U.S. Sanctions Hit Iranian Oil Tankers Hard

New restrictions target key players and raise global oil prices, intensifying geopolitical tensions.

U.S. sanctions against Iranian oil vessels have escalated tensions and affected global oil prices, with West Texas Intermediate (WTI) crude nearing $71 per barrel and Brent crude closing around $75. These measures target numerous entities and individuals involved with the Iranian oil trade, significantly impacting the flow of oil from Iran to key markets.

The recent sanctions, announced by the U.S. government, are particularly focused on 22 individuals and 13 tankers purportedly facilitating illegal oil shipments originating from Iran. Among the targeted operations are those based out of the United Arab Emirates (UAE), Hong Kong, India, and China. This marks another step by the U.S. to curtail Iran’s oil exports amid rising geopolitical tensions.

Market analysts observed increased oil prices following these sanctions, which are part of the broader economic strategies employed by the Trump administration aimed at decreasing Iran's oil export capacity to zero. By targeting key players and intermediaries involved in shipping Iranian oil, the U.S. aims to disrupt the country's energy revenue significantly.

The sanctions come on the heels of earlier measures aimed at key vessels. Two weeks prior, sanctions were imposed on three Iranian oil tankers headed to China. Notably, the sanctions included one very large crude carrier (VLCC) and two Aframax ships, which were reported to have facilitated the transfer of Iranian oil.
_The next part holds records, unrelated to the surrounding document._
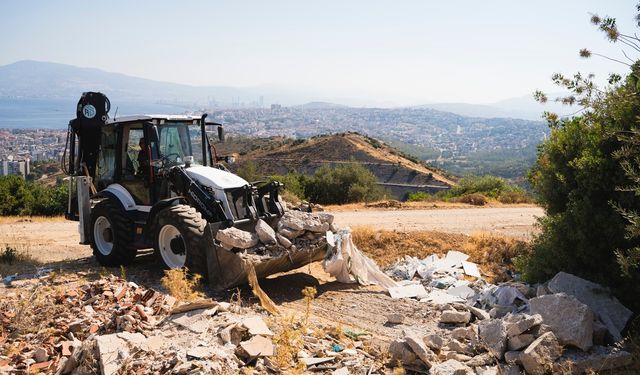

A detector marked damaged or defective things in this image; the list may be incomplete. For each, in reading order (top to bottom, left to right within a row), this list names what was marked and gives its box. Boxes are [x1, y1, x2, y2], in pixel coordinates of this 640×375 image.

broken concrete [528, 294, 596, 352]
broken concrete [548, 272, 632, 342]
broken concrete [520, 334, 560, 375]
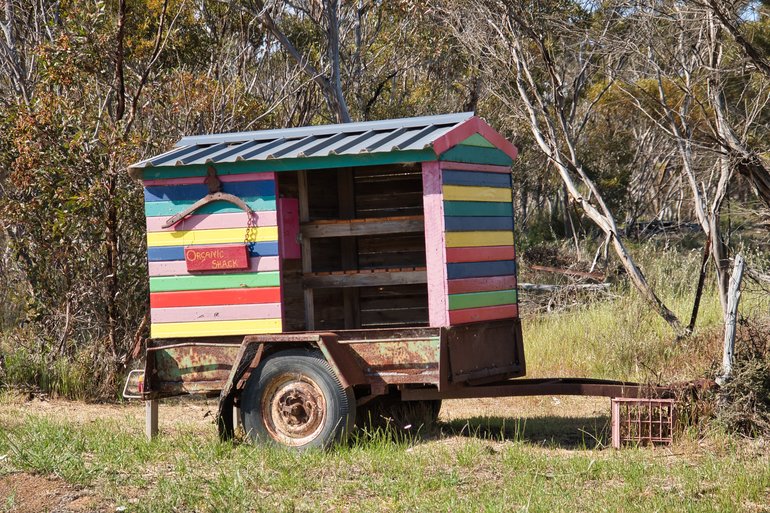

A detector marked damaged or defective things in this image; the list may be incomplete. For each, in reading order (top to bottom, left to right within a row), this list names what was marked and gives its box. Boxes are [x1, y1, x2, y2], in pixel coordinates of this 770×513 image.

rusty wheel hub [262, 372, 326, 444]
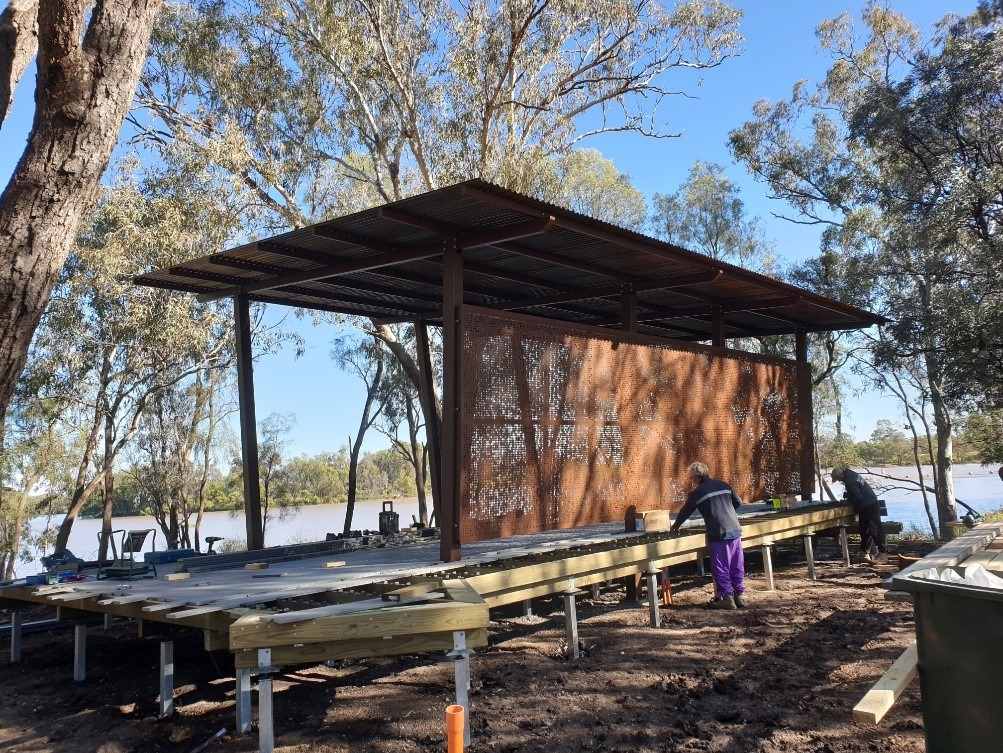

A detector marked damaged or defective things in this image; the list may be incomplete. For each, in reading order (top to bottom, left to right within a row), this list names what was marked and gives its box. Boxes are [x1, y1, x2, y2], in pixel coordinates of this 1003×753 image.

According to the U.S. Treasury Department, significant enforcement efforts are directed toward individuals and entities based not only within Iran but also operating from India and China. These efforts highlight the international dimensions of Iran's oil export practices and their susceptibility to external sanctions.

Trump’s strategy has been clear; he reiterated during the Republican National Convention his commitment to throttling Iran's oil exports. “I told China and other countries, if you buy oil from Iran, we won’t let you trade with us, and we’ll put tariffs on every product you send here, 100% or more,” Trump stated, outlining his administration's trade doctrine.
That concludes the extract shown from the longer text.